**Items from a dataset:**
⟨

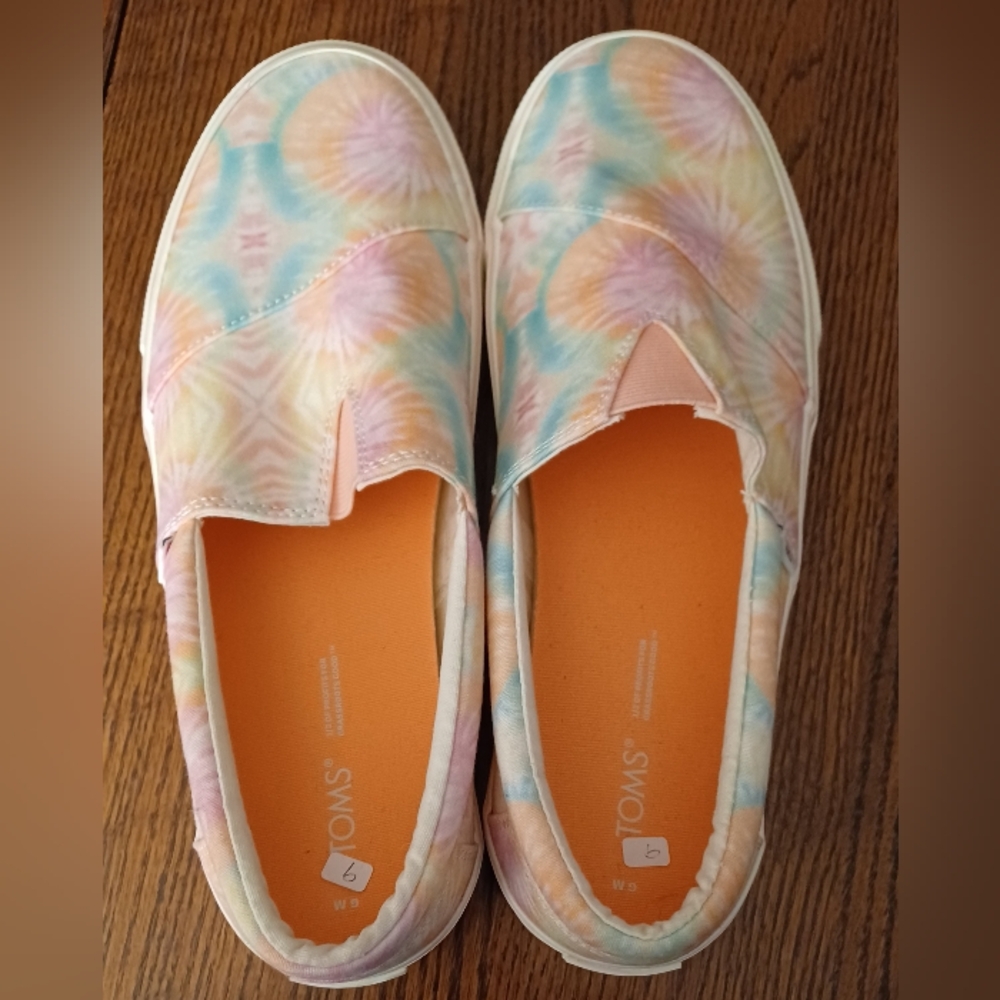Toms Alpargata Fenix Candy Pink Tie Dye Canvas Slip-ons Shoes Size 9 Casual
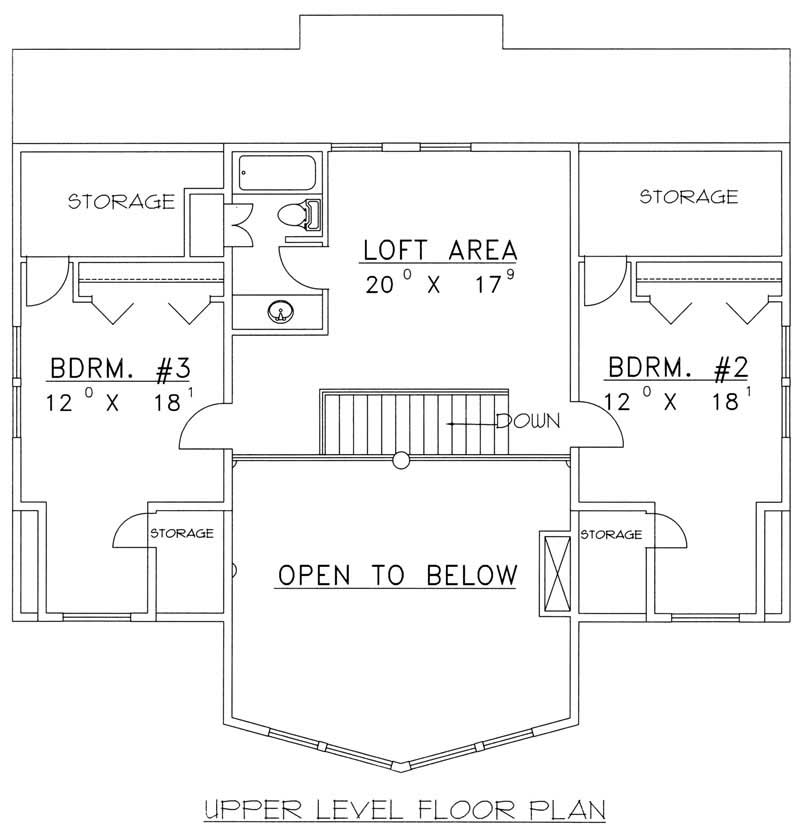 Floor Plan Second Story of Craftsman Plan #132-1193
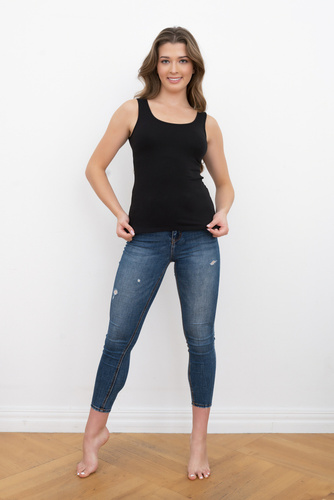 Ibiza Női széles vállú ing Italian Fashion- fekete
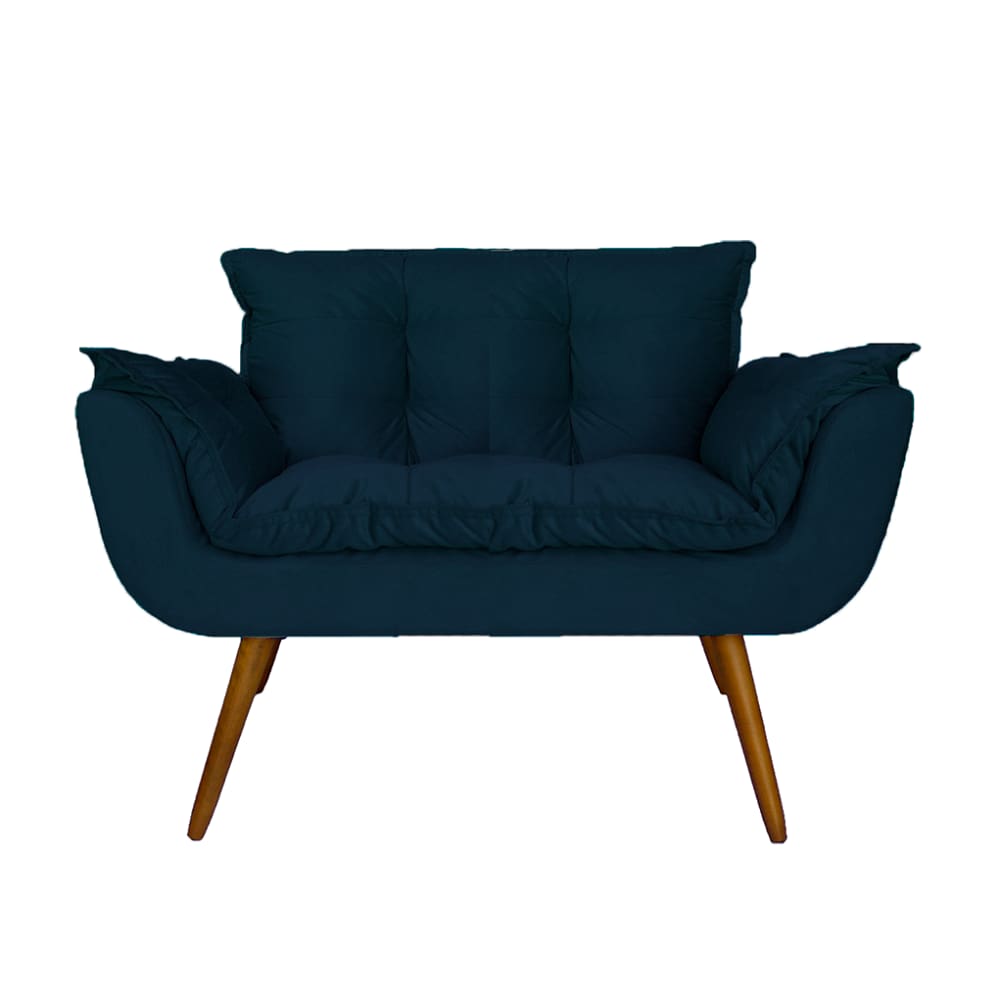 Namoradeira Decorativa Estofada Para Recepção Clínica Opala Suede Azul Marinho - LM DECOR
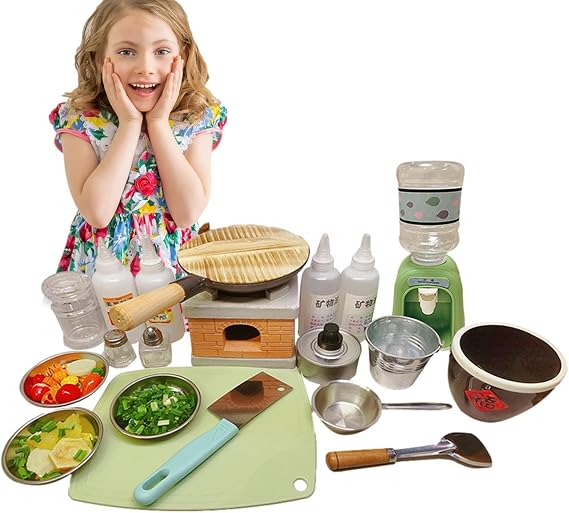 Mini Kitchen Toy Set - Real Cookware Kitchen Tools Playset | Mini Stove Burner, Real Food Cooking Tools, Condiment Bottle for Kids Explore Cooking Creativity A mini kitchen suitable for young avid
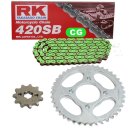 Kettensatz geeignet für Kawasaki KX 80 Big Wheel  98-00  Kette RK CG 420 SB 130  offen  GRÜN  13/51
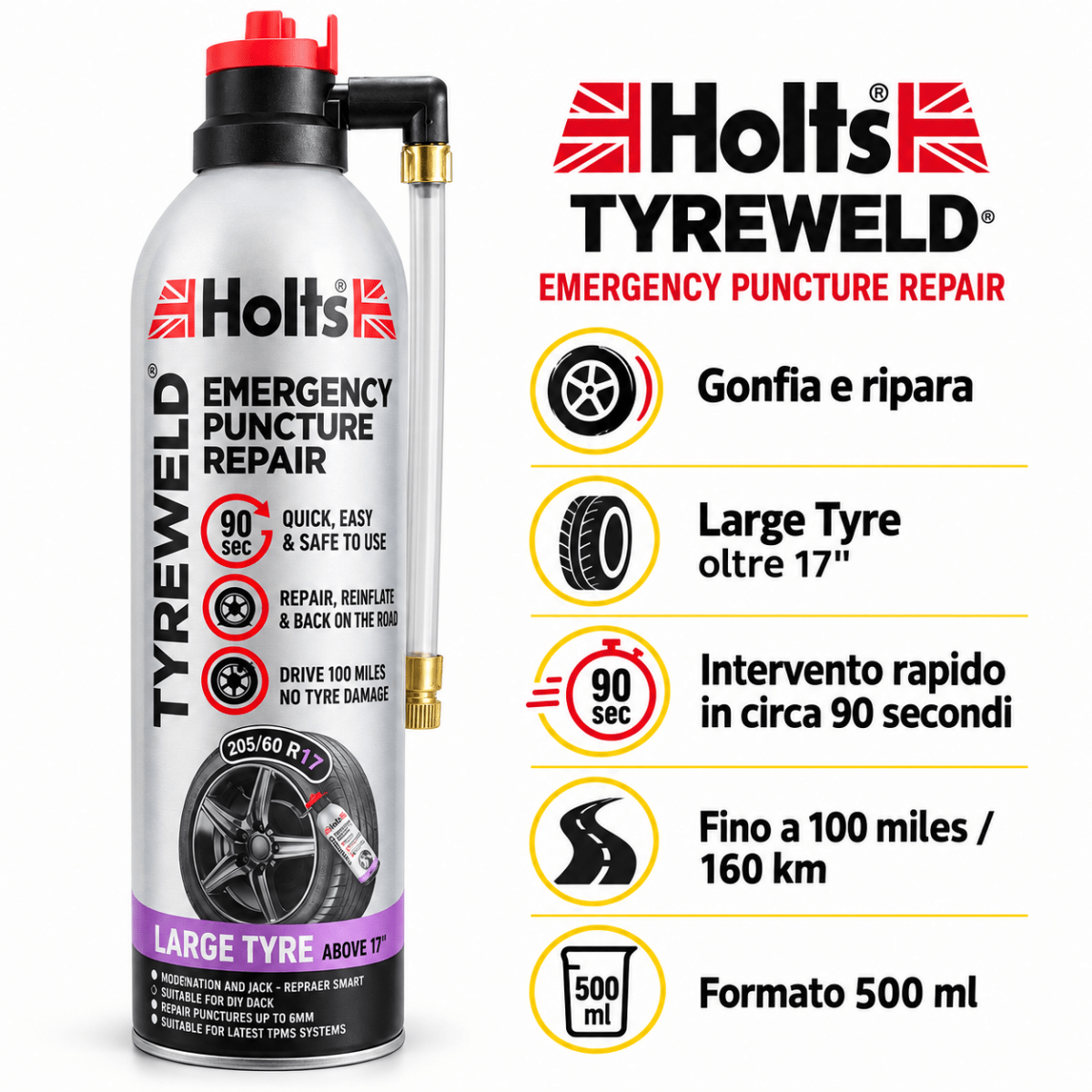 Holts Tyreweld Gonfia e Ripara Pneumatici 500 ml – Large Tyre oltre 17” – Confezione 2 o 4 Pezzi – HREP0055A - Techservice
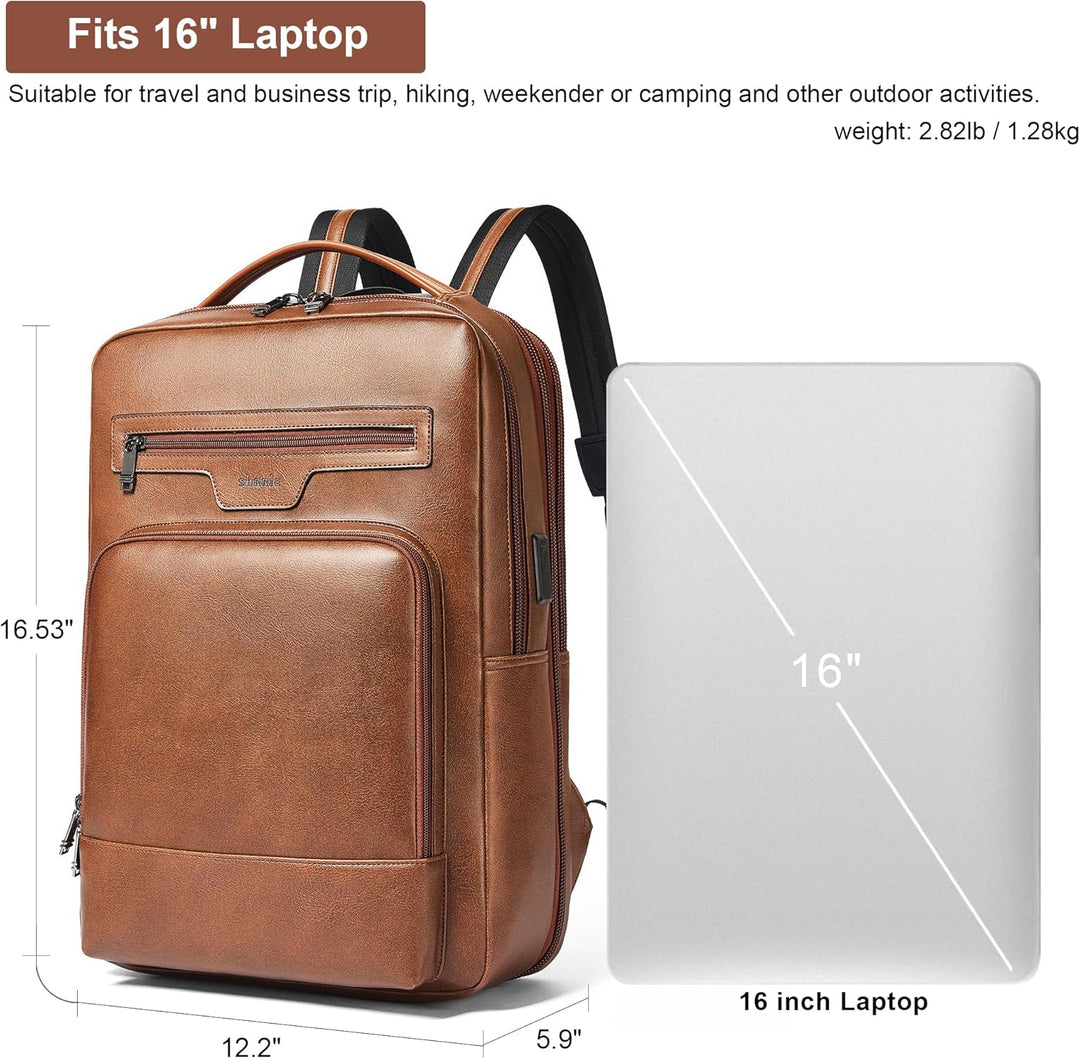 Mochila de cuero Shrrie para laptop para mujeres y hombres, mochila...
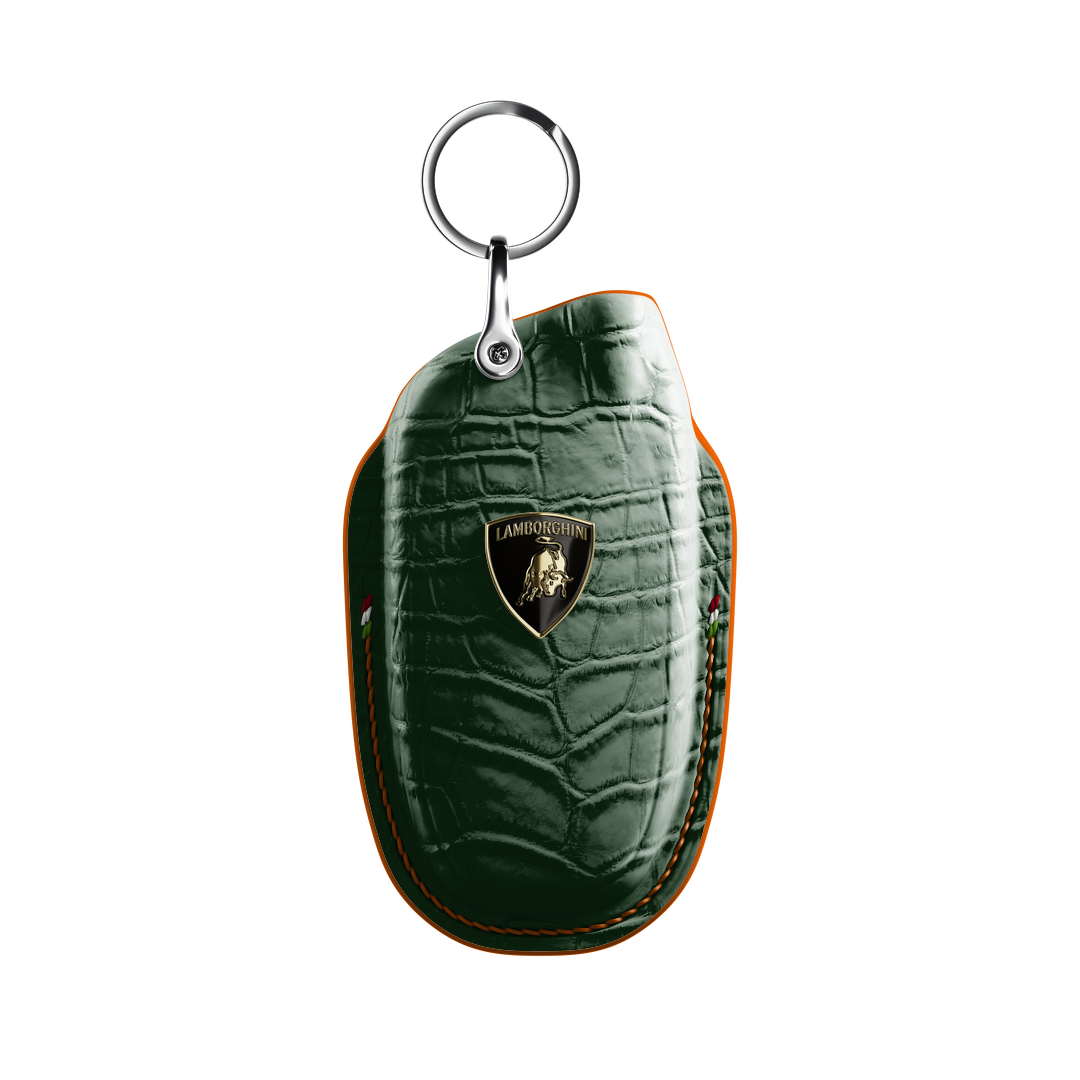 DARK GREEN CROCODILE KEY COVER FOR LAMBORGHINI - CUSTOMIZE YOURS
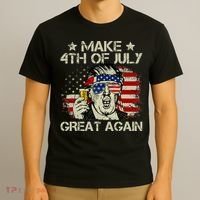 Trump Make 4th of July Great Again Merica Beer Drinking T-Shirt thumb 3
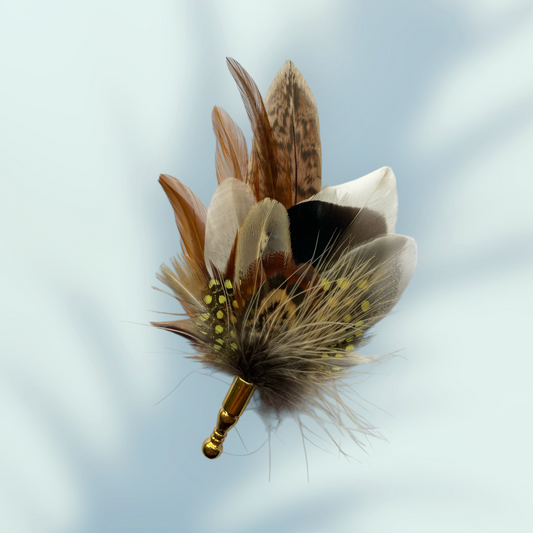 Yellow & Natural Feather Lapel Pin in a Gold Clasp (CFLP120)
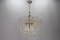 Italian Clear Murano Glass and Chromed Brass Three-Light Waterfall Chandelier, 1970s 2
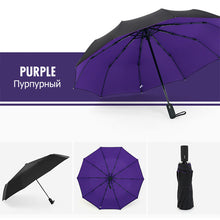 Load image into Gallery viewer, 3Folding Fully automatic Wind resistance Umbrella Rain Women Double Umbrella cloth The New Business Fashion Outdoor Male Parasol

⟩

**Task goal:** Keep to the lines above from the line with "Holts Tyreweld Gonfia" to the line with "Italian Clear Murano", and set down exactly those, inclusive, with nothing else and every picture left out.

**Exercise solution:**
 Holts Tyreweld Gonfia e Ripara Pneumatici 500 ml – Large Tyre oltre 17” – Confezione 2 o 4 Pezzi – HREP0055A - Techservice
 Mochila de cuero Shrrie para laptop para mujeres y hombres, mochila...
 DARK GREEN CROCODILE KEY COVER FOR LAMBORGHINI - CUSTOMIZE YOURS
 Trump Make 4th of July Great Again Merica Beer Drinking T-Shirt thumb 3
 Yellow & Natural Feather Lapel Pin in a Gold Clasp (CFLP120)
 Italian Clear Murano Glass and Chromed Brass Three-Light Waterfall Chandelier, 1970s 2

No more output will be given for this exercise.